I guess you could just not use the feature and only use git clients. Who cares
if the redundant hg clone they keep on their end gets out of sync.

------
martinced
It's really tiring to see what the Spolsky and Atwood offsprings are coming up
with...

It's nearly _always_ the same "idea": try to prevent users from having
opinions and individuality.

Atwood's discourse.org was supposed to be the "next generation of forums
because the current forum aren't civilized enough": people supposedly aren't
"civilized" enough to be able to have their own forums. No, one should use a
forum engine made for and by control freaks that shall enforce civilized
discourses.

Now this Kiln Harmony thing is supposed to "end the flamewar" between git/hg:
people are allowed to have their own preferences anymore. Everybody is going
to "win" because they'd be using the system created by and for control freaks.

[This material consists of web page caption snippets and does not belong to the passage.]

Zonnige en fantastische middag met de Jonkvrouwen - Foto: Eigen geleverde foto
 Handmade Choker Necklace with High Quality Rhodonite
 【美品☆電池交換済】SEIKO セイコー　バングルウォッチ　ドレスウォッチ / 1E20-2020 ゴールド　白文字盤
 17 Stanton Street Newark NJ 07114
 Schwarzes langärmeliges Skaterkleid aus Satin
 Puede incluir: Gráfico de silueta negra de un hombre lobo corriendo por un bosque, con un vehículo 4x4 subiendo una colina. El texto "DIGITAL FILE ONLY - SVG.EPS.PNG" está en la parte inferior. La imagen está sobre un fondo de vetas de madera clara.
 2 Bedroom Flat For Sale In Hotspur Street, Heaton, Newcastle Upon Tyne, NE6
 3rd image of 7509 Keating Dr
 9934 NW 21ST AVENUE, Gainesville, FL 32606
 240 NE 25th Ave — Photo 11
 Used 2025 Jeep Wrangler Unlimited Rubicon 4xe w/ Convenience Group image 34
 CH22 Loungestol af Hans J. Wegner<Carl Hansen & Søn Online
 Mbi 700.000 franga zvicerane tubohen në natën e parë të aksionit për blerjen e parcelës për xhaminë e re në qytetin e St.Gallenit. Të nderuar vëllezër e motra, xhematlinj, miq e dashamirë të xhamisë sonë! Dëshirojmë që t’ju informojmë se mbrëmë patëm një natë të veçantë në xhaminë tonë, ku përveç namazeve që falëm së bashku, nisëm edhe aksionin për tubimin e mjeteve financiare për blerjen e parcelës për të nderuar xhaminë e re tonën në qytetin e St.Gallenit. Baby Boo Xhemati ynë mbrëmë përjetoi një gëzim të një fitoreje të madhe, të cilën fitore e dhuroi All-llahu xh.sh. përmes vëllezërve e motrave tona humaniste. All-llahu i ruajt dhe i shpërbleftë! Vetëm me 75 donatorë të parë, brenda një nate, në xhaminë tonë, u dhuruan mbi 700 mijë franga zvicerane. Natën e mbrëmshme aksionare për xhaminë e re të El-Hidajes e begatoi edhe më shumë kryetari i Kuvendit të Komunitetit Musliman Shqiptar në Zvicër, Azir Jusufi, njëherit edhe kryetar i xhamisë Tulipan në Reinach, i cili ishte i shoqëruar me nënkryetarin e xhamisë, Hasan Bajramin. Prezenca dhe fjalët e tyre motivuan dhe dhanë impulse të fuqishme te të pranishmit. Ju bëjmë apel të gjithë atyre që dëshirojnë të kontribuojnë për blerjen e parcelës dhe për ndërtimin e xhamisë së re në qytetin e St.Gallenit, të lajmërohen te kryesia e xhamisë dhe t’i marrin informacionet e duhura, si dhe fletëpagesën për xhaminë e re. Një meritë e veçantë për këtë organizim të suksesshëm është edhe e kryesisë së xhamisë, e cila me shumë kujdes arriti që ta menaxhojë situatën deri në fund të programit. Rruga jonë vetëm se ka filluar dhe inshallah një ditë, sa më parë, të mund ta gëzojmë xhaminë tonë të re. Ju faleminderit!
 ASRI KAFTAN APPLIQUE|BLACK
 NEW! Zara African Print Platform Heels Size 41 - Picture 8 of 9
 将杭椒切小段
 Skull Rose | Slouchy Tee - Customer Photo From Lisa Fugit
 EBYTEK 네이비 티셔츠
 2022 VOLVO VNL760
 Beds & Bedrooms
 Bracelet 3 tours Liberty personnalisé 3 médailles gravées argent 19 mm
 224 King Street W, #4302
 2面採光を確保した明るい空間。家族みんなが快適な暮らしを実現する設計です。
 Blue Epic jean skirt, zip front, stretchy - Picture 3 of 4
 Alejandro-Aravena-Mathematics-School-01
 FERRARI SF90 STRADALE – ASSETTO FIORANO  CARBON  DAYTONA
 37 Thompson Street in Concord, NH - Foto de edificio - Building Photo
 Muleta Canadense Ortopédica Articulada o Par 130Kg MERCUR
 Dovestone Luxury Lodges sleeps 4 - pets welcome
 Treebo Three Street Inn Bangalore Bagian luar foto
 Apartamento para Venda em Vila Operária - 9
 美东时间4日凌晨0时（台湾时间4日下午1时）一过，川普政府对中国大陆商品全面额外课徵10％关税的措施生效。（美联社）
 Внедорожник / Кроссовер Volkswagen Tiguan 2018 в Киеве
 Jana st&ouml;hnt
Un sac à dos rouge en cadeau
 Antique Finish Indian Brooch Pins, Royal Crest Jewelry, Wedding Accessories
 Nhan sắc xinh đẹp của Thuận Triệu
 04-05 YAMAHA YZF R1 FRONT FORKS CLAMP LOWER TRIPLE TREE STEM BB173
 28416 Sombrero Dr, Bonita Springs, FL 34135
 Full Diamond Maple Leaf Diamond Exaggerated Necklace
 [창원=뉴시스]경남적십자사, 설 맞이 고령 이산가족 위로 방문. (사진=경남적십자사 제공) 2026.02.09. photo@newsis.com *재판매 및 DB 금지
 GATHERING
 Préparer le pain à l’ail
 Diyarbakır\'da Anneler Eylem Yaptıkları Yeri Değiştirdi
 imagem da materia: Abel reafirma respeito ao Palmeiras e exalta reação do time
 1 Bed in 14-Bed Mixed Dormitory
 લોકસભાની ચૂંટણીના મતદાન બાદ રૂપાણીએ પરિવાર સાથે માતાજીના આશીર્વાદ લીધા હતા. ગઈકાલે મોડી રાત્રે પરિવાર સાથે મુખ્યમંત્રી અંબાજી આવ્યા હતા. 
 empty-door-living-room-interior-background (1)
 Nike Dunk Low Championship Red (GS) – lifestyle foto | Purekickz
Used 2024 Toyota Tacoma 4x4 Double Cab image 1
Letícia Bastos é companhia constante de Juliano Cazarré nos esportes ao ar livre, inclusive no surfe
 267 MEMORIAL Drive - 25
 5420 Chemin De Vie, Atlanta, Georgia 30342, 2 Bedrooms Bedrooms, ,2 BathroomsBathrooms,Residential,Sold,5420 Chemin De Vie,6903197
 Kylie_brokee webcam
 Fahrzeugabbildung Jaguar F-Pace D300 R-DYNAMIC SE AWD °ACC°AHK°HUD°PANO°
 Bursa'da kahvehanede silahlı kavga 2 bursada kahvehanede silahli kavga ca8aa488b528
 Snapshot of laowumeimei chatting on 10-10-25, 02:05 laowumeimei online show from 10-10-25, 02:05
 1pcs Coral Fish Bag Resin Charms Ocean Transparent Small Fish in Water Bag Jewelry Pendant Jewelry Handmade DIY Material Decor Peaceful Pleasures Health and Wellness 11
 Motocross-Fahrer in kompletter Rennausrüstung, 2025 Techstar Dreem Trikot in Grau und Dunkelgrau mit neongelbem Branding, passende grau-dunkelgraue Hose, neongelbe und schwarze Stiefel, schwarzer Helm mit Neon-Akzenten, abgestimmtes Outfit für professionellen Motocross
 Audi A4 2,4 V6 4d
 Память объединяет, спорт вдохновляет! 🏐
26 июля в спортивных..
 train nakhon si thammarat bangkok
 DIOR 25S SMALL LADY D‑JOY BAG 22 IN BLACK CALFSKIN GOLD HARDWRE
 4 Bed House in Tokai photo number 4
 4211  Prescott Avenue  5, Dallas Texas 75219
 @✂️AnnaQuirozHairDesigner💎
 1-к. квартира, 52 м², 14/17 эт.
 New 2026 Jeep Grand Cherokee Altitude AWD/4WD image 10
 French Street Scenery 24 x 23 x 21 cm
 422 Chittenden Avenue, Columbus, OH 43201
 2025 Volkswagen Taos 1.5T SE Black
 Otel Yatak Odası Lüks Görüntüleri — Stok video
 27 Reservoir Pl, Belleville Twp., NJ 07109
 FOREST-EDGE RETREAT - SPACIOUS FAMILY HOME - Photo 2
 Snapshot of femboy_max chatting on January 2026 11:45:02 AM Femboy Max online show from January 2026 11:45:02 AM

And StackOverflow _is_ preventing individuality and allowing a few control
freaks to reign king and decided what kind of thoughts people are allowed to
have.

In other words these guys think they've identified a "problem": individuality
and personal opinions. And they think they have a "solution": control.

Interestingly enough when I just entered discourse.org to see how that one is
catching up it seems to be the better ranked in... The republic of China! (no
kidding here).

Which is normal: control freaks are going to love software restricting choices
and individuality.

But I love my freedom. I love individuality and I think everyone should be
free, including free to chose and say why they prefer hg over git or vice-
versa.

So their "solutions" (discourse.org, Kiln Harmony) aren't going to be the
"next gen anything" because there are too many individuals who value their
individuality.

Oh and, and even though I was an early hg adopter, I have to admit that git
(and github) won big times.

It's as if they realized they didn't bet on the correct horse (inherent
qualities aside, I'm purely talking about market share here) and that hence
they've been "owned" by people pointing out to them that git / github was
winning. It's an argument they couldn't win: there's no way hg is as succesful
as Git (once again: I haven't switched yet to git... I'm a long time hg user
but I have to admit defeat here). So because they couldn't admit that they
were wrong they decided to create an utterly complicated solution: "To put an
end to the flamewar".

I really hate the Spolsky and Atwood of this world because to me they love
dictatorship.

I'm for freedom and individuality, not for control freaks trying to decide how
people should think / talk / code / use DVCSes etc.

And thankfully there are way enough people like me so that these control
freaks are never going to win.

Even SO is going to be replaced the day something less bent on dictatorship
comes along.